A decadent and filling way to start the day!

Just the Recipe | 1 Serving

2 Tbs. Chia Seeds

1/2 Tbs. Ground Flax Seed

1 Tbs. Rolled Oats

1 Tbs. Unsweetened Cocoa Powder

1 Serving Your Favorite Protein Powder

1 Tbs. Unsweetened Coconut Flakes (optional)

3/4 Cup Unsweetened Almond Milk

1/2 Cup your favorite Granola

1/2 Cup Blackberries

Steps

  • At least 20 minutes before eating make the pudding:

    • To a two cup dish, add the chia seeds, ground flax seed, oats, protein powder, and cocoa powder. If using, add the coconut flakes. Stir to combine.

    • Slowly pour in the milk and whisk together with a fork.

    • Cover and chill for a minimum of 20 minutes. Can be made the night before.
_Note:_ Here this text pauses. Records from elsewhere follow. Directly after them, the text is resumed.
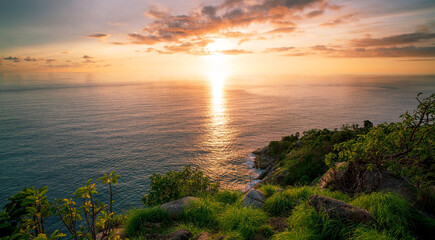 Fototapeta na wymiar Beautiful light of nature sunset or sunrise sky over mountain Beautiful tropical sea landscape.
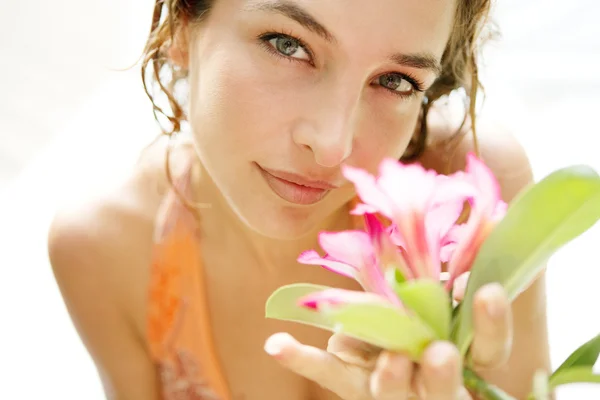 Jovem menina atraente cheirando uma flor rosa tropical — Fotografia de Stock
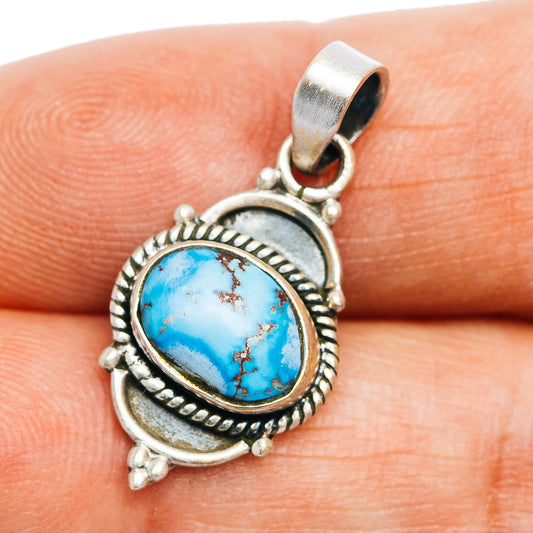 Turquoise oval pendant in .925 sterling silver with ornate rope border and bail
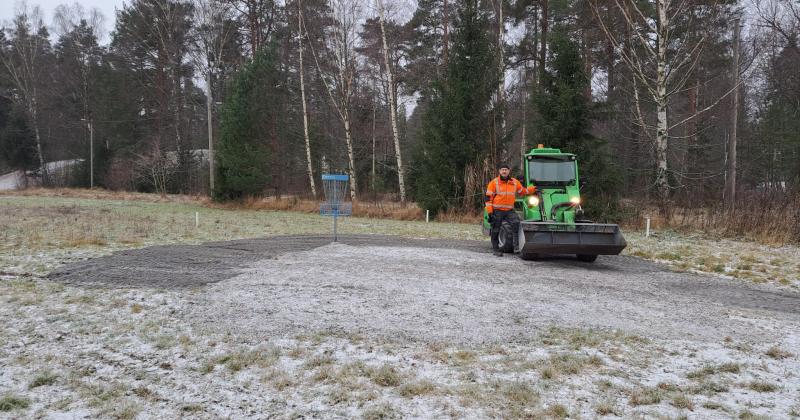Pellolla frisbeegolfkori ja mies traktorin kanssa taustalla metsää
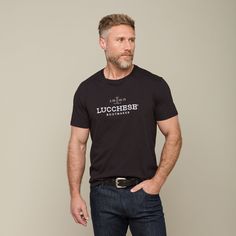 The Men's Lucchese Classic Embroidered Tee is a staple piece in our men's shirting collection. Under a vest or jacket, this embroidered tee is perfect for a day around the house or cheering on your team at the big game. Model is 6'1 and wearing size M. Handcrafted Boots, Handmade Boot, Embroidered Tee, Big Game, Staple Pieces, Mens Tees, Black Tee, The Man, The House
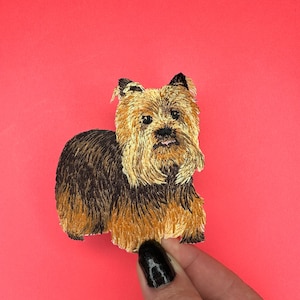 May include: Embroidered patch of a brown and black Yorkshire Terrier dog with a light brown face. The dog is looking directly at the camera.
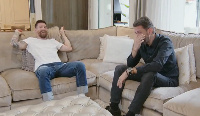 Argentinian journalist, Pablo Giralt(in black) and Lionel Messi  during the interview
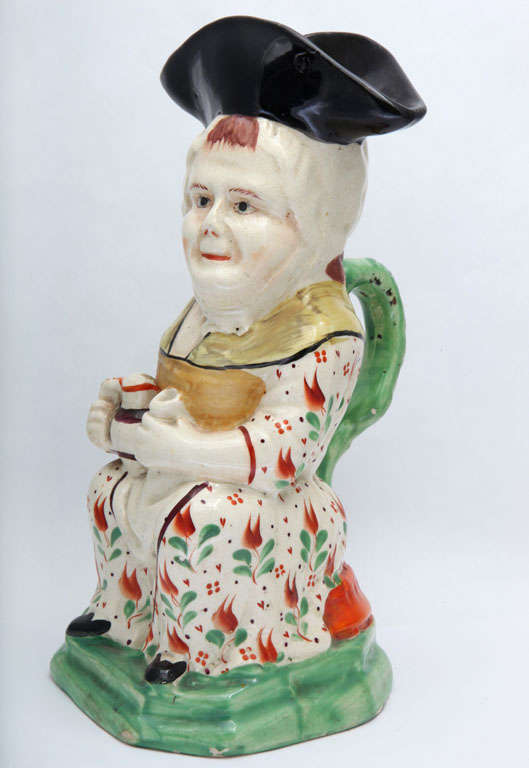 A fine English creamware Martha Gunn toby jug decorated in enamel glazes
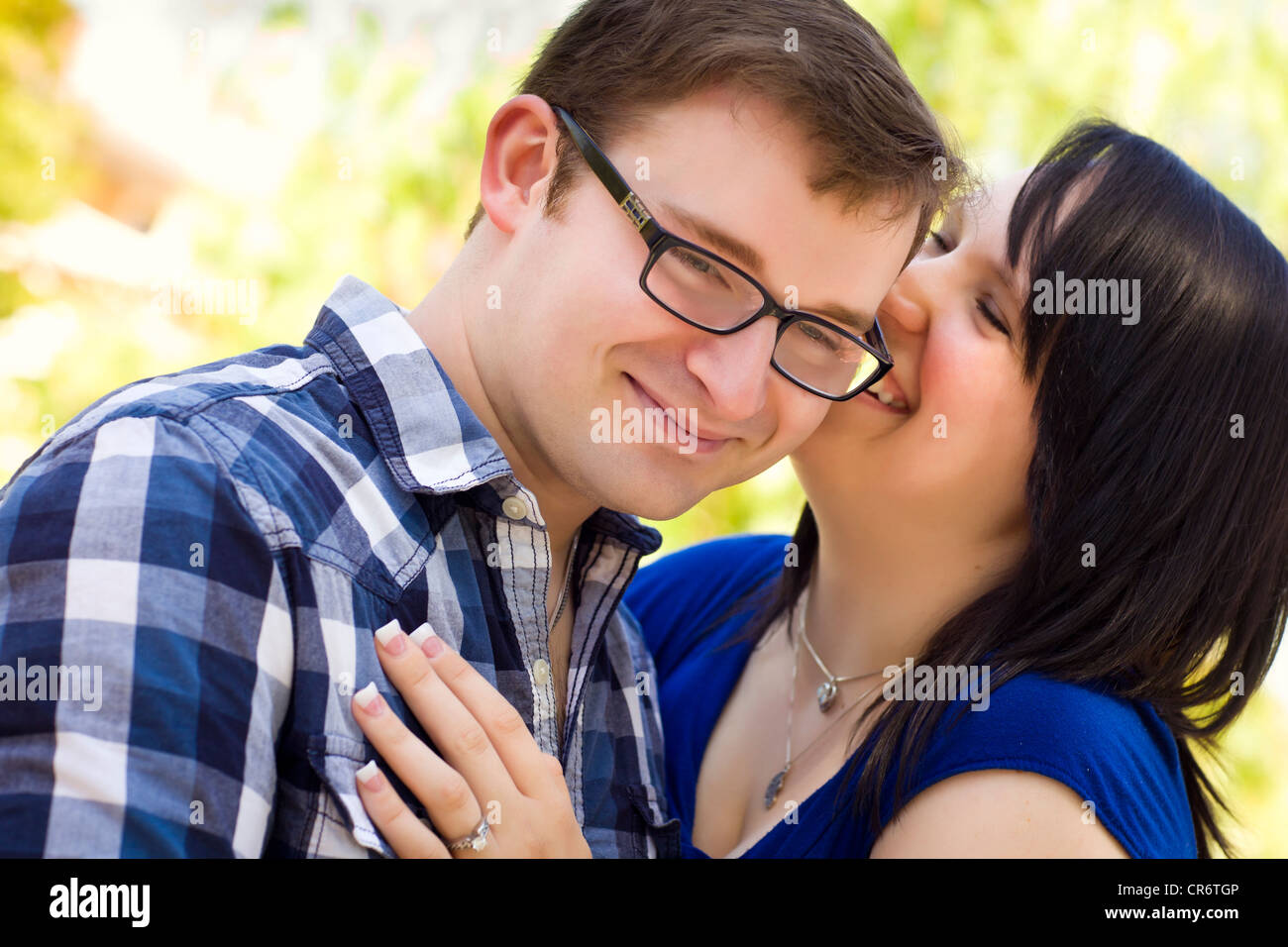 Attractive Young Couple Having Fun Outside in the Park Stock Photo - Alamy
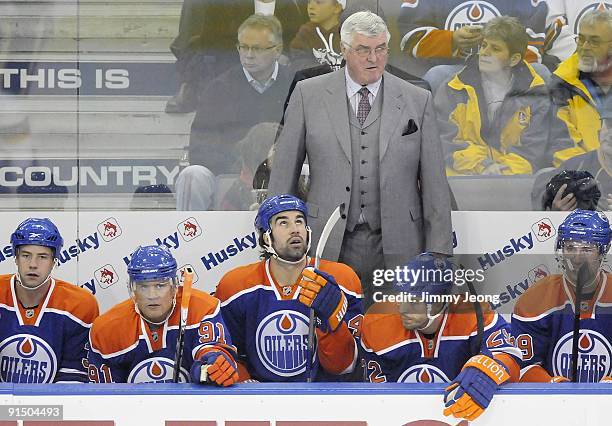 Head coach Pat Quinn and his Edmonton Oilers sit on the bench in a game between the Calgary Flames and the Edmonton Oilers in an NHL game on October...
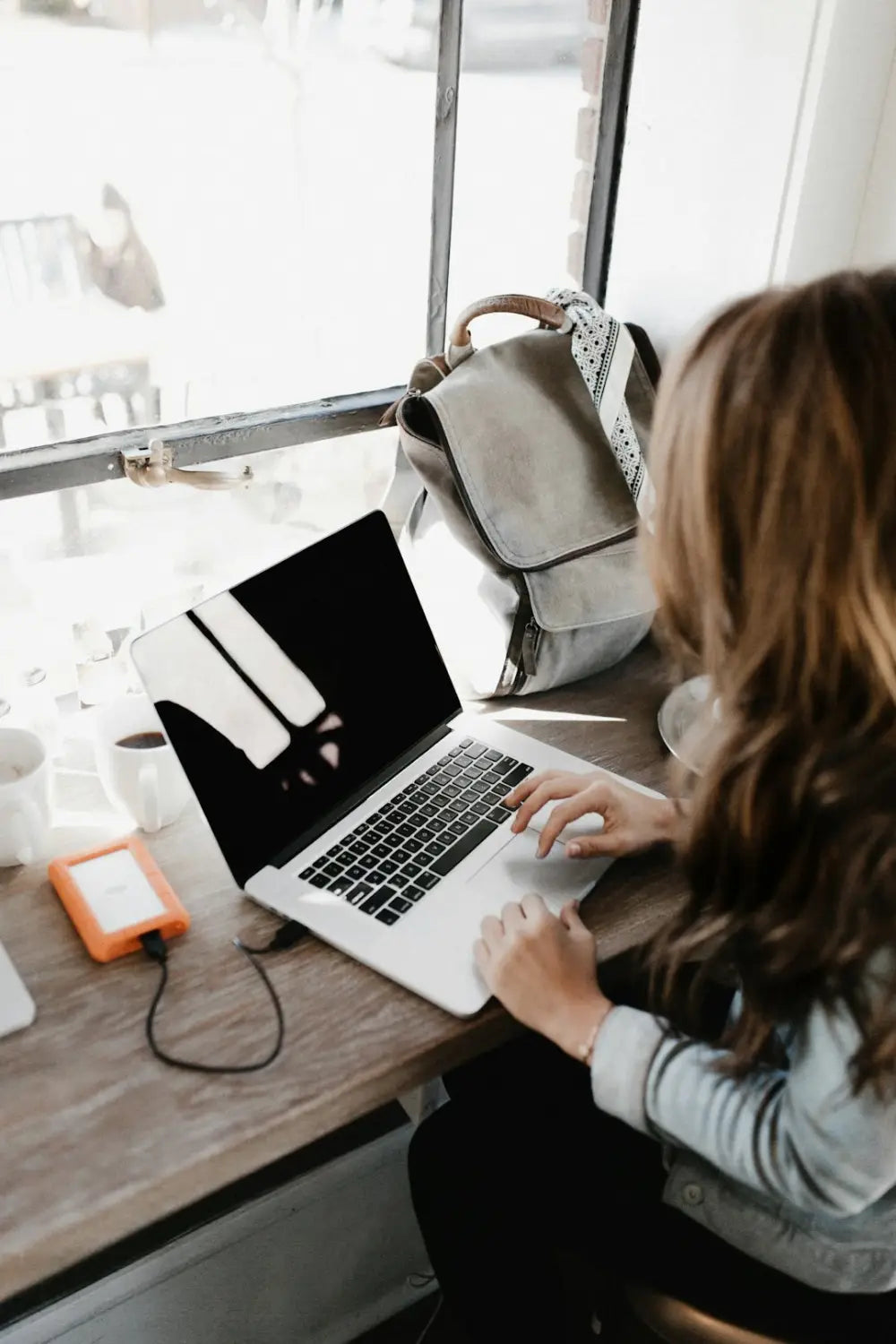 Person using a silver laptop with dark screen demonstrating stress management techniques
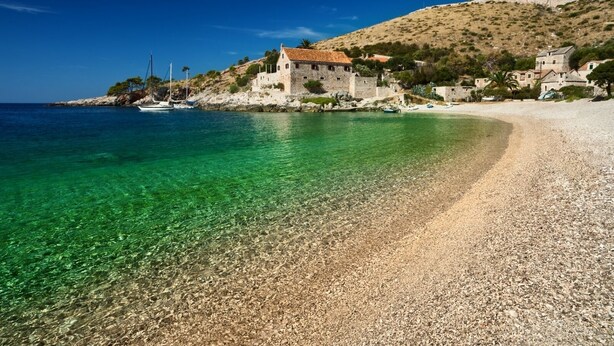 A coastal scene with a pebble beach, clear turquoise water, and a stone building with a red-tiled roof.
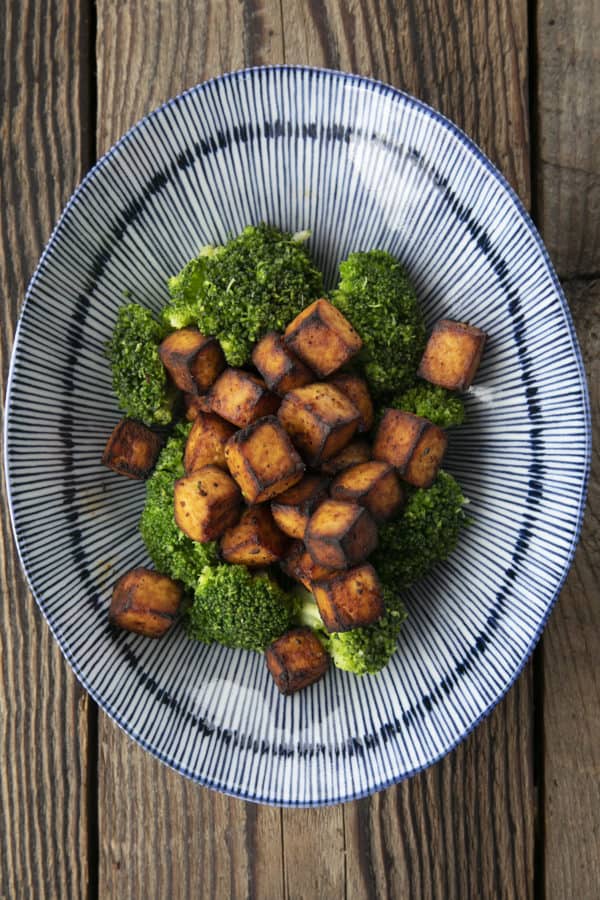 Crispy, golden brown cubes of air fryer tofu served with a drizzle of honey and broccoli on a blue and white striped oblong bowl.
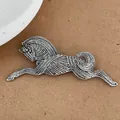 Macro view of vintage silver running horse brooch with embossed metal textures - Silver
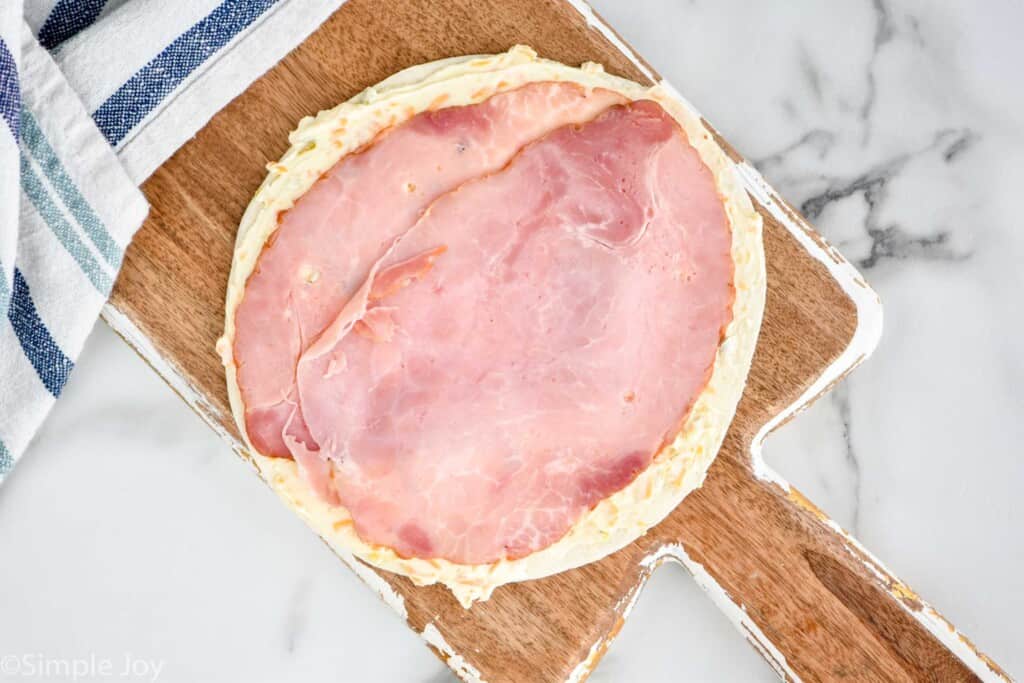 a tortilla with cream cheese mixture and ham slices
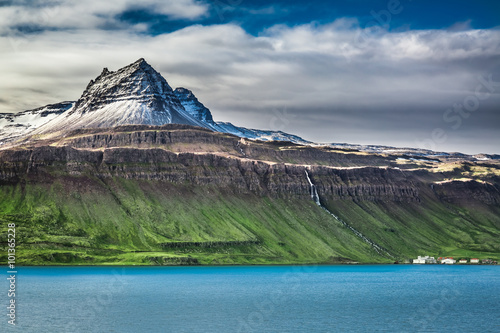 Volcanic mountain over fjor...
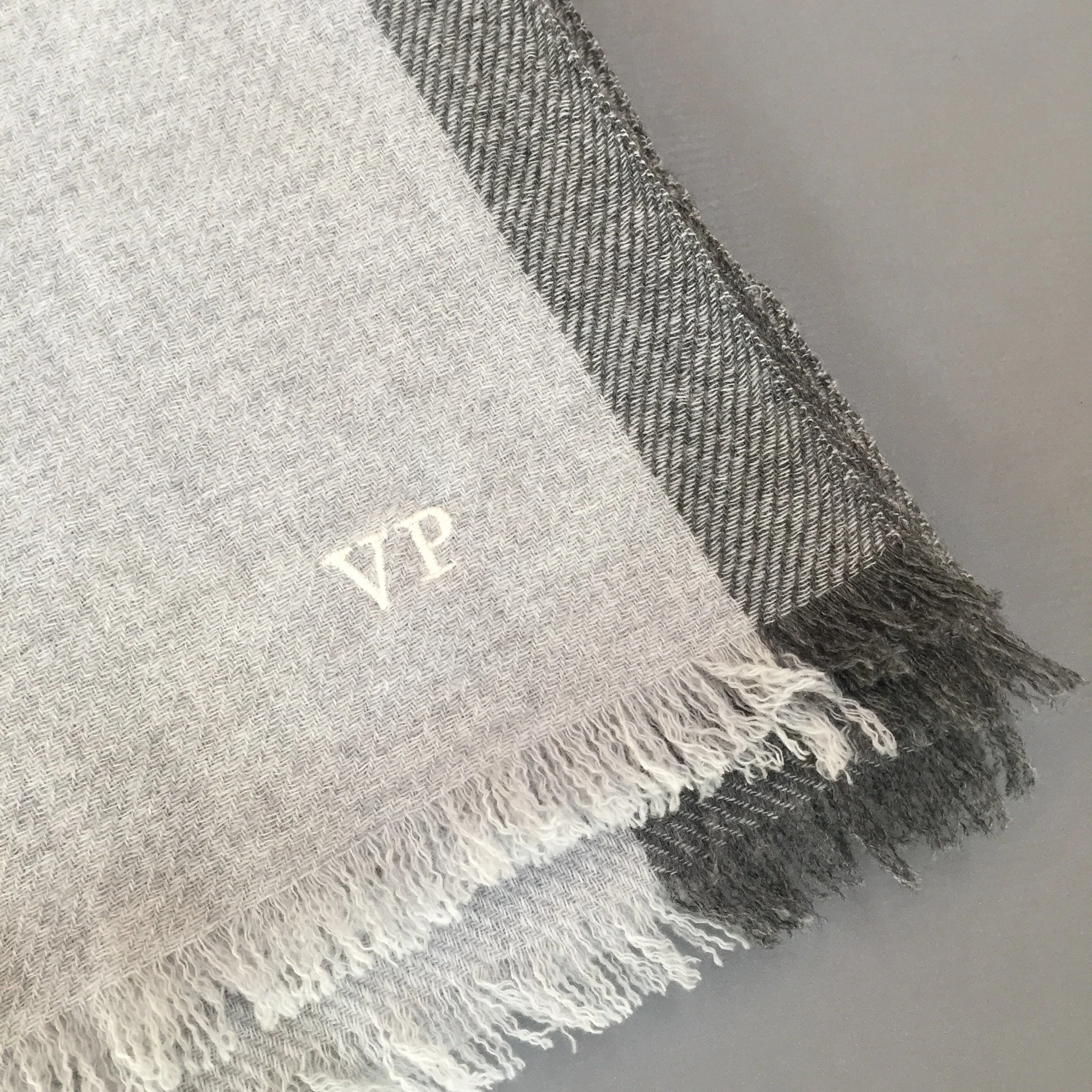 Photo d'un tissu en lin beige clair avec des franges blanches, posé sur un fond gris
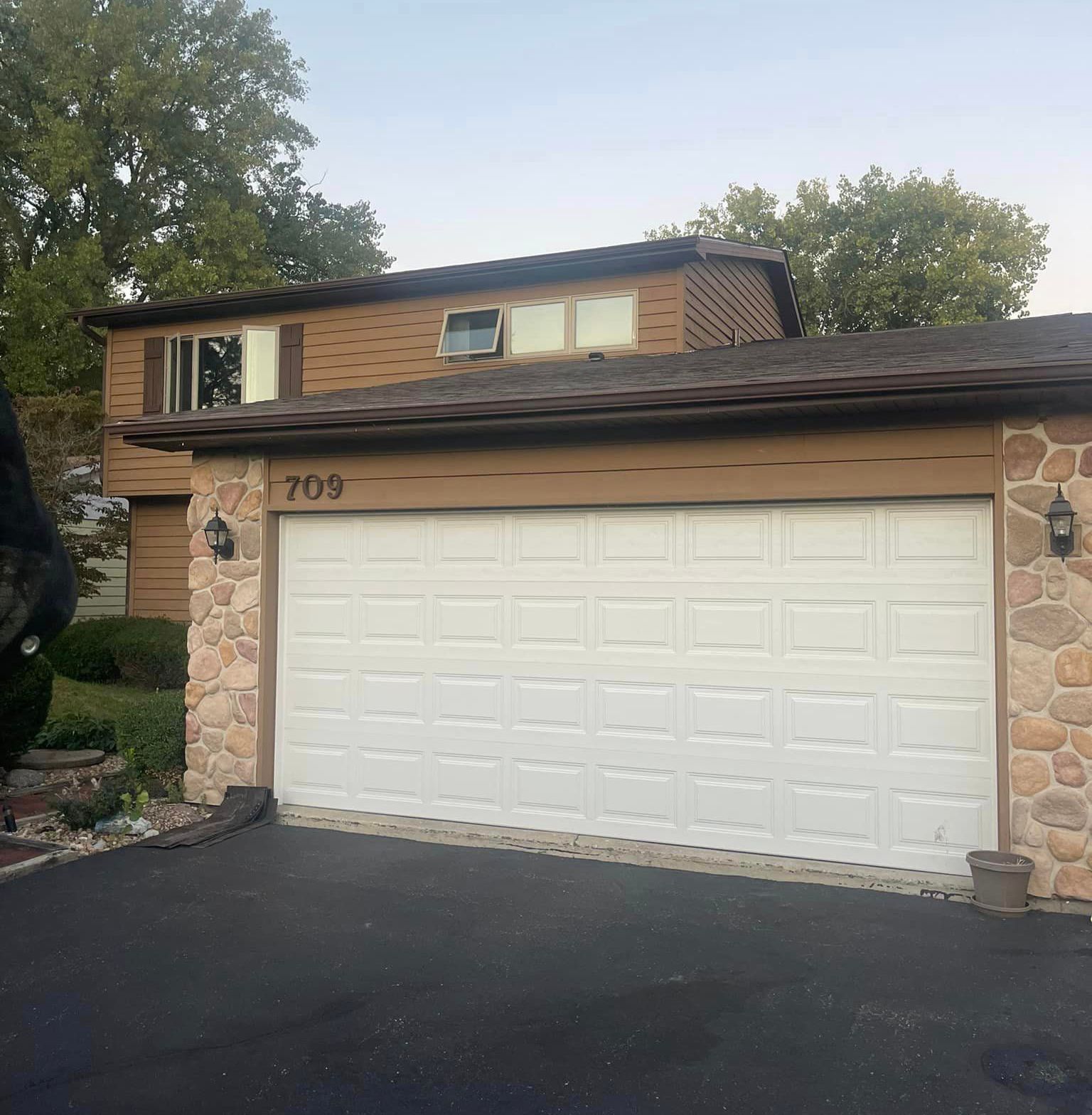 A house with a white garage door has the number 709 on it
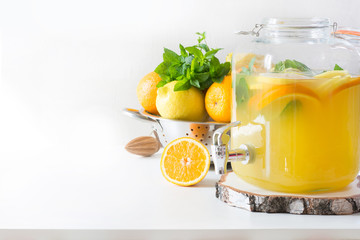 Summer healthy lemonade in big mason jar with lemon, orange and mint on white table. Copy space....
Store in the refrigerator.

  • When ready to eat, uncover and stir well. Top with the berries and granola.

Enjoy!

Packed with healthy ingredients this protein packed chia pudding is a great way to start the day.

Chia Pudding and Berries Macros:

27g Carbs | 19g Fat | 23g Protein* | 12g Fiber

*Granola macros not included as they will vary based on the granola used. Protein amounts may vary based on protein powder used.


Kitchen Acumen Tips:

  • Dairy-free: To make dairy-free use a plant based protein powder.

  • Gluten-free: To make gluten-free skip the rolled oats or use gluten-free oats.

  • Variations:

    • Top with your favorite fruit such as raspberries, strawberries, or blueberries.

    • For a richer coconut flavor, use 1/2 cup of oat or almond milk and 1/4 cup of full fat coconut milk.

    • You can use any milk you prefer, but it will impact the macros listed.